Monday, March 2, 2009
My days of whine and metrics are soon drawing to a close. In fact, I have more or less been fired two times already -- the first time culminating in an unauthorized temp farewell party on the rooftop terrace, which goes sadly underused except by Smokey, a gravel-voiced, middle-aged second underling of Abigail's, a man who spent three days last week sorting four or five boxes of documents that we had already reviewed and more or less dismissed in their entirety. Fyi, Smokey smokes. On the roof. Yeah, sometimes, when nick-naming, clever gives way to expediency. And sometimes clever triumphs, if I don't say so myself, as I have taken to calling (and gotten Adam to call) the IT guy who matches business slacks and loafers with track jackets and a San Francisco Giants baseball cap the Human Mullet. Party on top, business down below. I'm too clever for my shirt. Too clever for my shirt. So clever it hurts.
Anyway, we've been fired twice, told not to come in the next day, only to be told shortly thereafter that in fact more work has been uncovered, a box of documents has been discovered, a privilege log now needs some assembling. We are managed by geniuses. Obama should ask them to solve the energy crisis. So, on the precipice of doom, we retreat; we return to the morbid spectacle of a wholly superfluous corporate enterprise. California has a 10.1% unemployment rate as of today, and yet in a well-appointed steel and glass edifice in the downtown skyline a team of "consultants" gathers almost universally irrelevant documents from a distracted client and hands them over to a disaffected group of attorneys whose careers have fallen engine over wheels off the rails. When these consultants -- Abigail and her totally absent supervisor Augusta -- mismanage the batching of the documents or fail to give us proper instructions, we are made to re-review old batches of documents, but still they call us out in meetings for our poor metrics. It's a rather elegant con they have going. When the client complains about the slowness of the project, they can lay full blame on us, the incompetent attorneys who appreciate not their munificence. Sadly, for them, though my fellow temp attorneys conduct themselves with some decorum, I'm a mouthy sort, and tend to document heavily each and every one of the obstacles they place in the way of our efficiency and recount them with great gusto in team meetings. Abigail is never pleased with me.

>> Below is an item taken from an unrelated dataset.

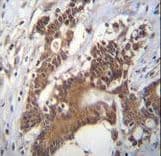 PCYT1A / CCT Alpha Antibody (aa27-54)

But things are not all lost in the job: True, Abigail maintains her icy ways, refusing to fraternize with us, the help, but Ira has begun to show qualities that resemble that of the species homo sapiens. A few weeks ago in his nervous formal style he asked if he could interrrupt our diligent web-surfing to have a talk. He pulled up a chair and in his stumbling way invited us to the firm's happy hour that Friday. We felt we had been accepted and cried tears of joy. At least on the inside. Then Friday rolled around, and the whole office cleared out for pre-happy-hour birthday cake in the breakroom, and guess who wasn't invited? What to make of this affront? All ten people in the office walked by us on their way to the breakroom for delicious cake, and not a single one thought to ask us if we too eat cake. Perhaps they thought us a cabal of diabetic lawyers. A few minutes later -- resisting the dark ways of his colleagues -- Ira returned and invited us to the celebration. We accepted. Little of note happened. Mostly we were looked upon with confusion; some regarded us with all the warmth a newly sober tri-delt might offer the townie she finds in her bed the morning after the big party. Then the idle talk (not by us) about the greatness of Wicked was interrupted by the ringing telephone. Why is anyone calling the breakroom?, someone asked. Maybe it's a bomb threat, Smokey offered, rather helpfully.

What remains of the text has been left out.